According to the presidency, this “stubbornly high inflation” is a world-wide problem and no nation is immune to it since the global economic downturn triggered by the COVID-19 pandemic.

The presidency further said that inflation was boosted everywhere by the COVID-19 lockdowns with severe impact on national economies due to the dislocation of manufacturing and supply chains.

“This is what led to fewer goods and the rises in prices of those goods reaching the market.

“Considering that Nigeria relies heavily on imports for essential products like petroleum, cooking oils, fertilizers, crop chemicals, and others, international price fluctuations significantly impact local prices.
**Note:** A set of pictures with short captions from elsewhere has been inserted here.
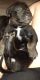 German Shepherd Puppies for sale in Arlington, WA, USA. price: NA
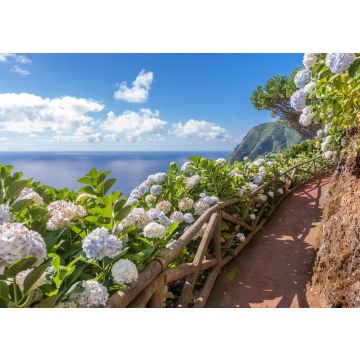 Lais Puzzle - Küstenweg mit Hortensien in Sao Miguel, Azoren Inseln - 100, 200, 500 & 1.000 Teile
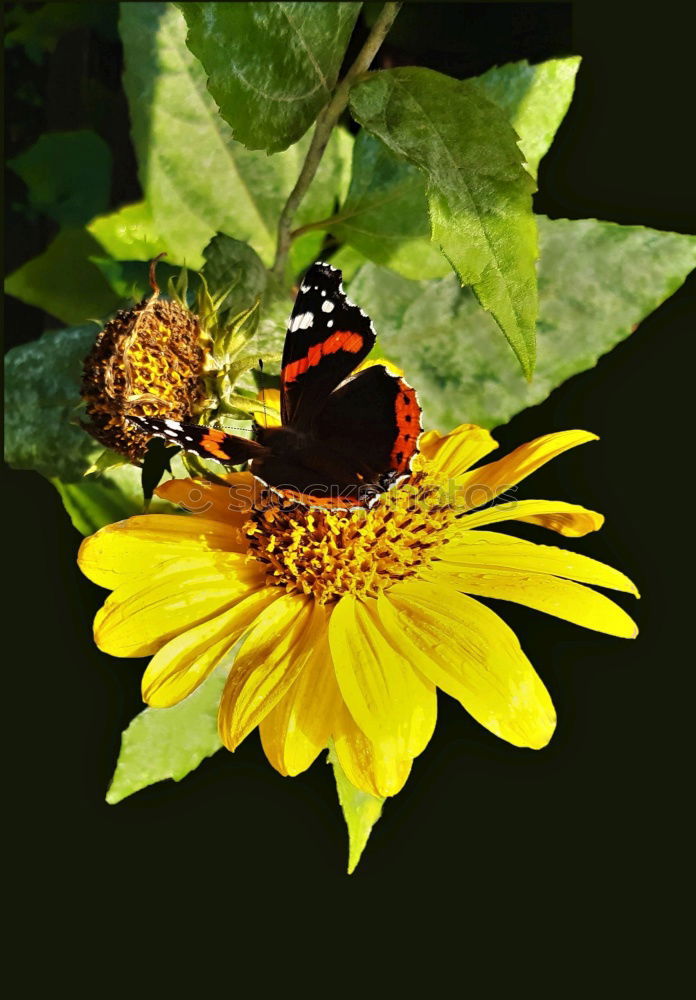 Similar – Flower & Bee Animal Insect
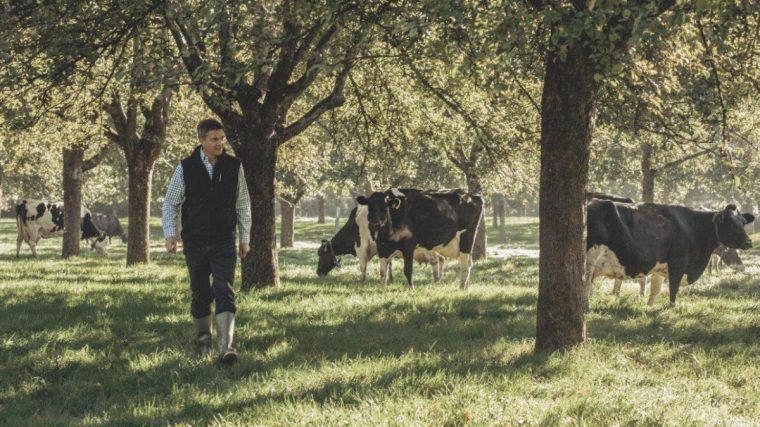 Giles Barber runs the oldest surviving cheddar producer in the world (Photo: Supplied) 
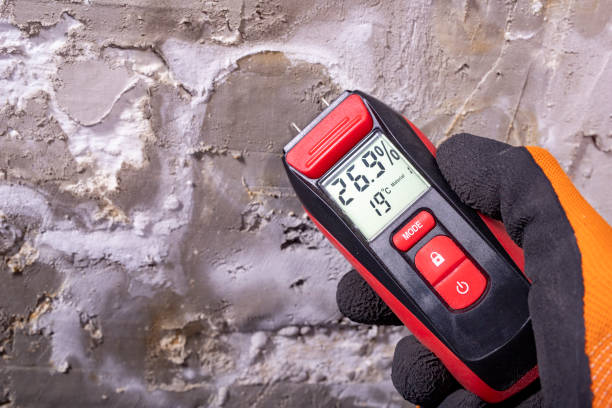 Best Water Damage Restoration  in Lockport Heights, IL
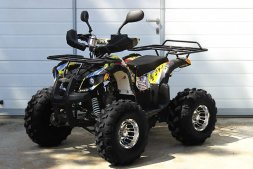 Квадроцикл GRIZZLY Pro 125cc, фото 2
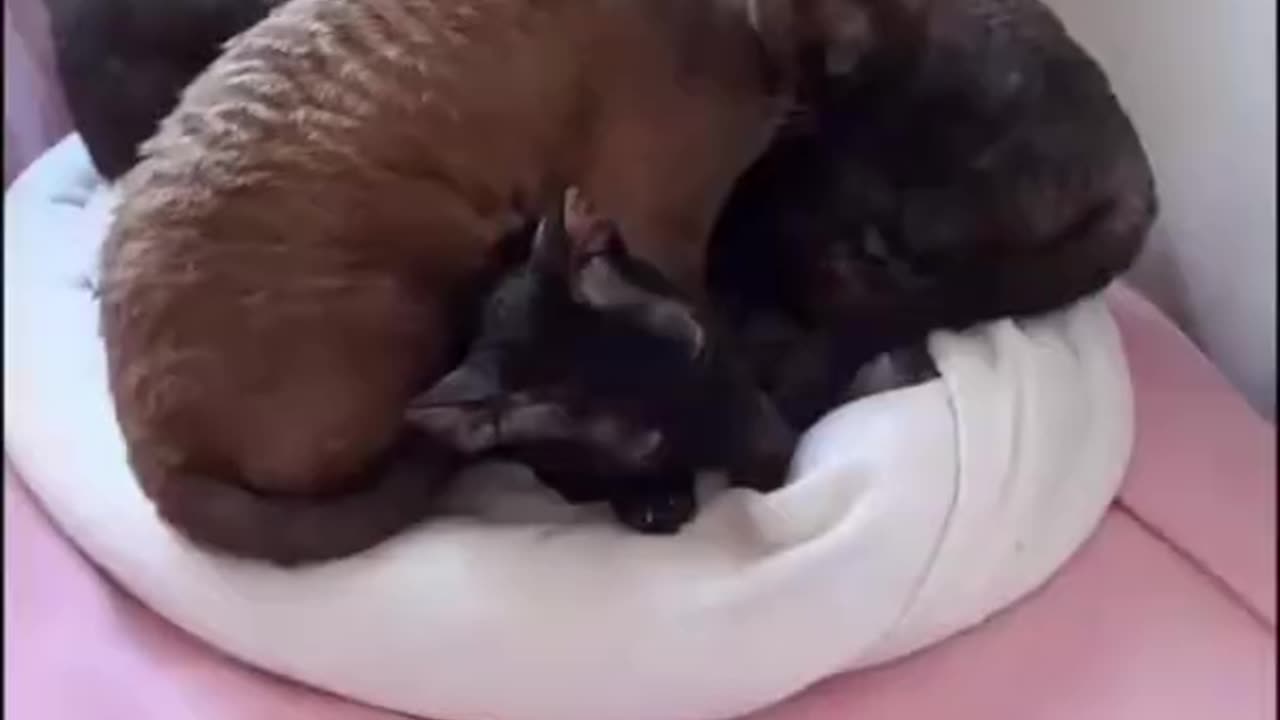 Cornish Rex cat.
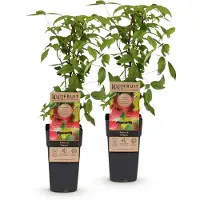 Green Boutiq - Obstpflanze - Rubus idaeus Ottawa - Himbeerpflanze - Winterhart - Rote Himbeere - 2 Pflanzen - Topf 15cm - Höhe 50cm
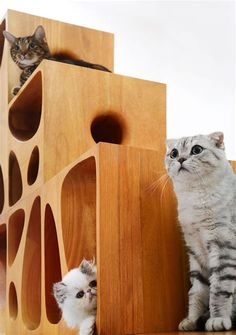 two cats sitting next to each other in front of wooden structures with holes on them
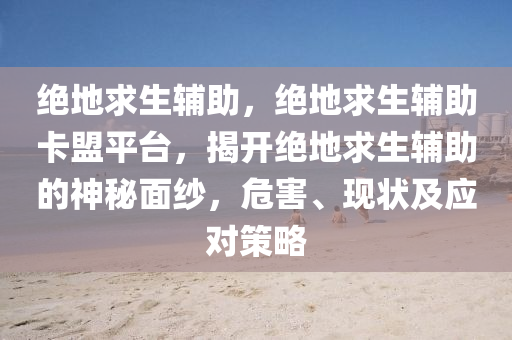 绝地求生辅助，绝地求生辅助卡盟平台，揭开绝地求生辅助的神秘面纱，危害、现状及应对策略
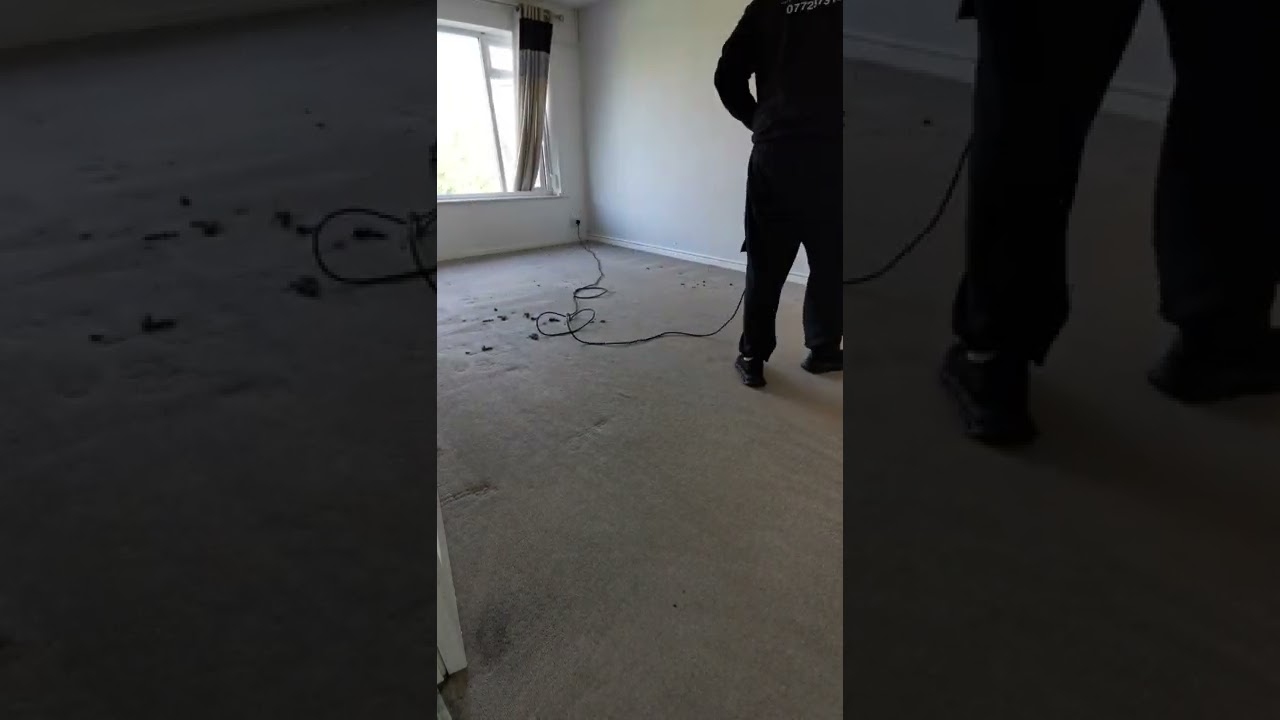 Releasing trapped pet hair from the carpet pile with our CRB machine.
The government, unless it chooses to disregard the principles of free trade, has limited maneuverability in this regard.

“France, which enjoyed a stable average inflationary regime of 4.1 percent from 1960-2022 is today “reporting price increases of up to 1,080.36%.

“At 10.1 percent, UK inflation is at a 41-year high. Ghana’s inflation rate had hit a two-decades high of 54.1 percent before a recent decrease.

“Turkey’s rate is 45 percent, Pakistan has also reported an alarming high inflation rate comparable to countries with similar profiles.

“The war in Ukraine meant a rocketing in foodstuff prices leading to fear of famine in many countries, never mind inflation!” the statement read.

The presidency noted that while Nigeria’s reported inflation rate of 22 percent is undoubtedly high and worrisome, it would be incorrect to suggest that the Buhari administration is not making efforts to address the volatile global cost of living crisis.

The presidency stressed that President Buhari has consistently prioritized efforts to control inflation and continues to do so.